A word-for-word copy of the data is what's wanted, with no pictures.

##### Data extract

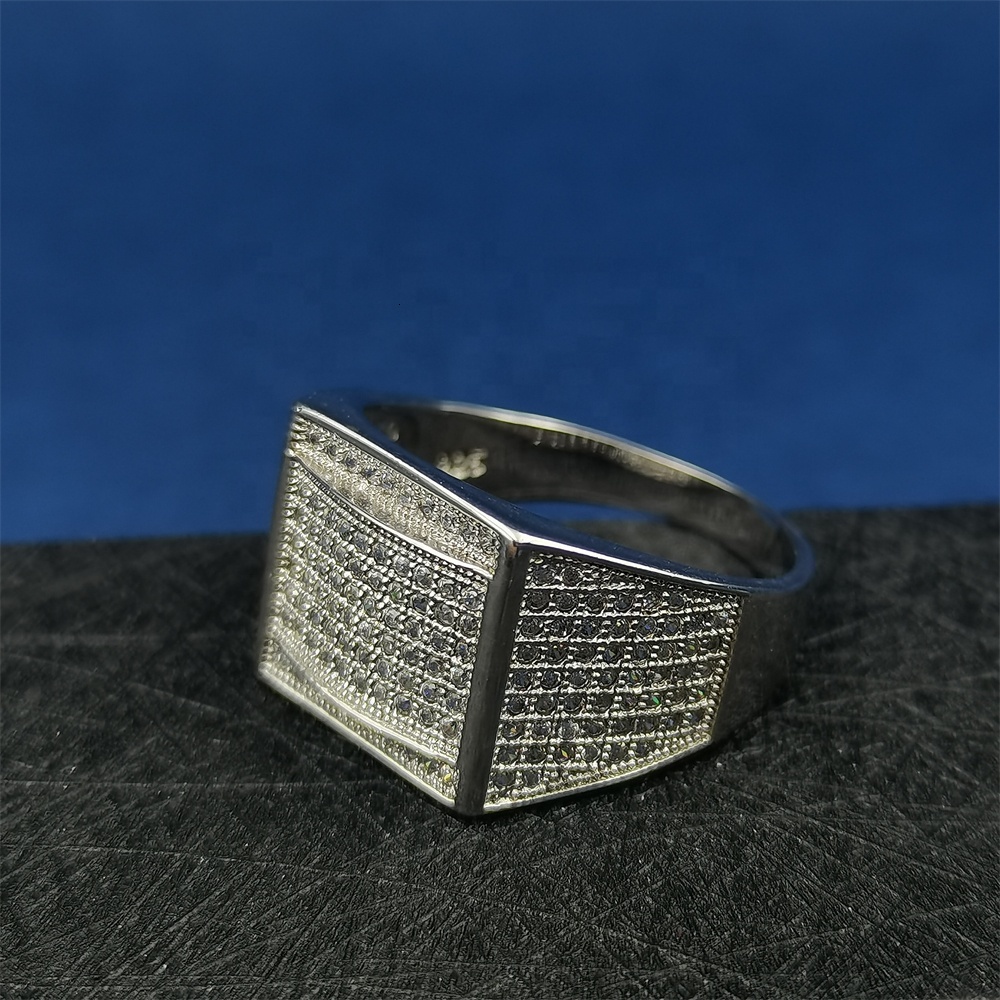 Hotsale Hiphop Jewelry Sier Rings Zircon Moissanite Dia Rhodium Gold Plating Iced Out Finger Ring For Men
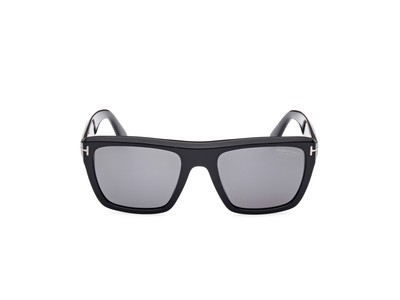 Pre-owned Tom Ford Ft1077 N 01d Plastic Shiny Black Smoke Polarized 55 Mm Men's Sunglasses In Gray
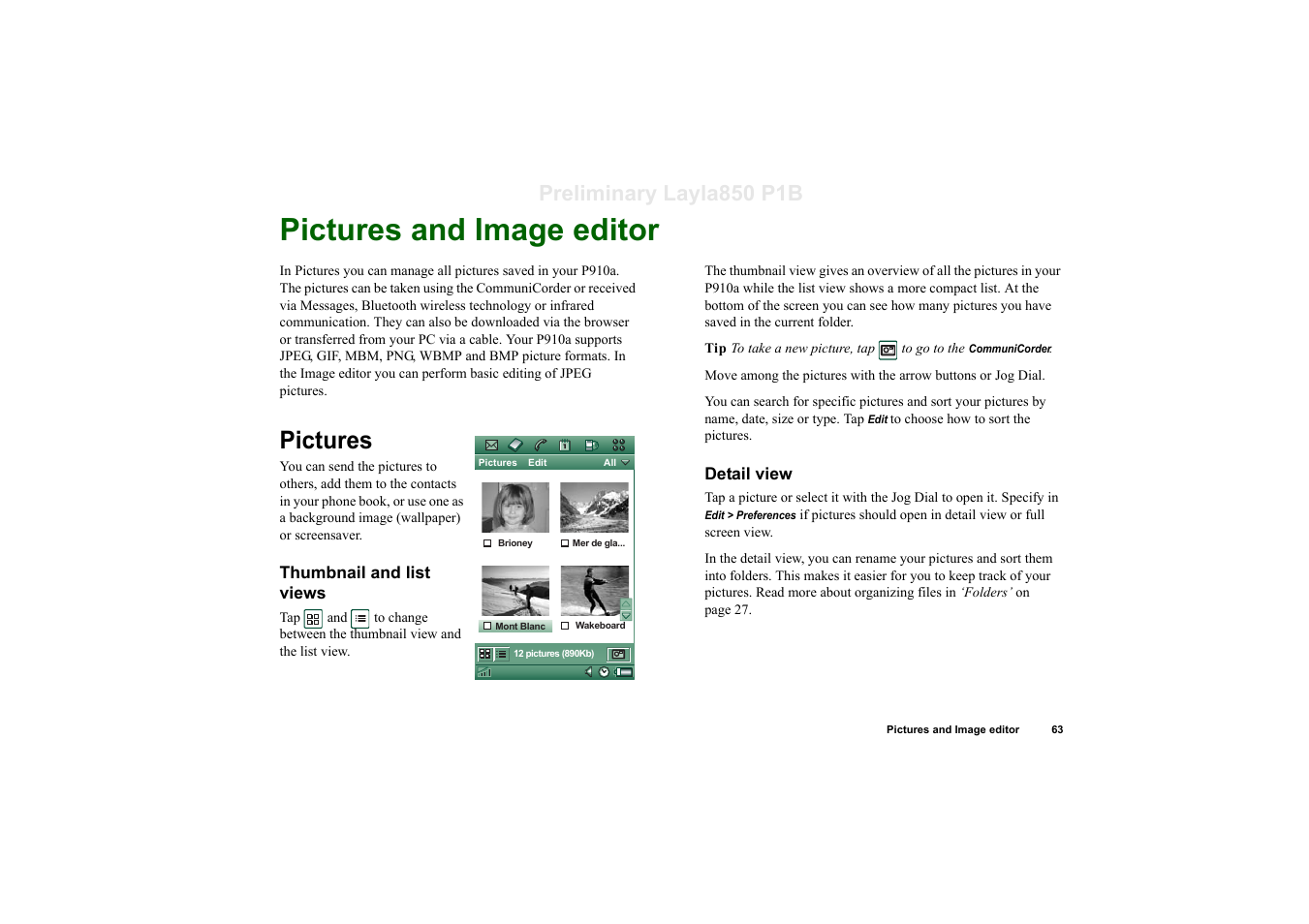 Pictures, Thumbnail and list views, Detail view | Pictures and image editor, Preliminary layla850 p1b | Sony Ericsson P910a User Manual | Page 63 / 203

##########

→ Reply:
 Hotsale Hiphop Jewelry Sier Rings Zircon Moissanite Dia Rhodium Gold Plating Iced Out Finger Ring For Men
 Pre-owned Tom Ford Ft1077 N 01d Plastic Shiny Black Smoke Polarized 55 Mm Men's Sunglasses In Gray
 Pictures, Thumbnail and list views, Detail view | Pictures and image editor, Preliminary layla850 p1b | Sony Ericsson P910a User Manual | Page 63 / 203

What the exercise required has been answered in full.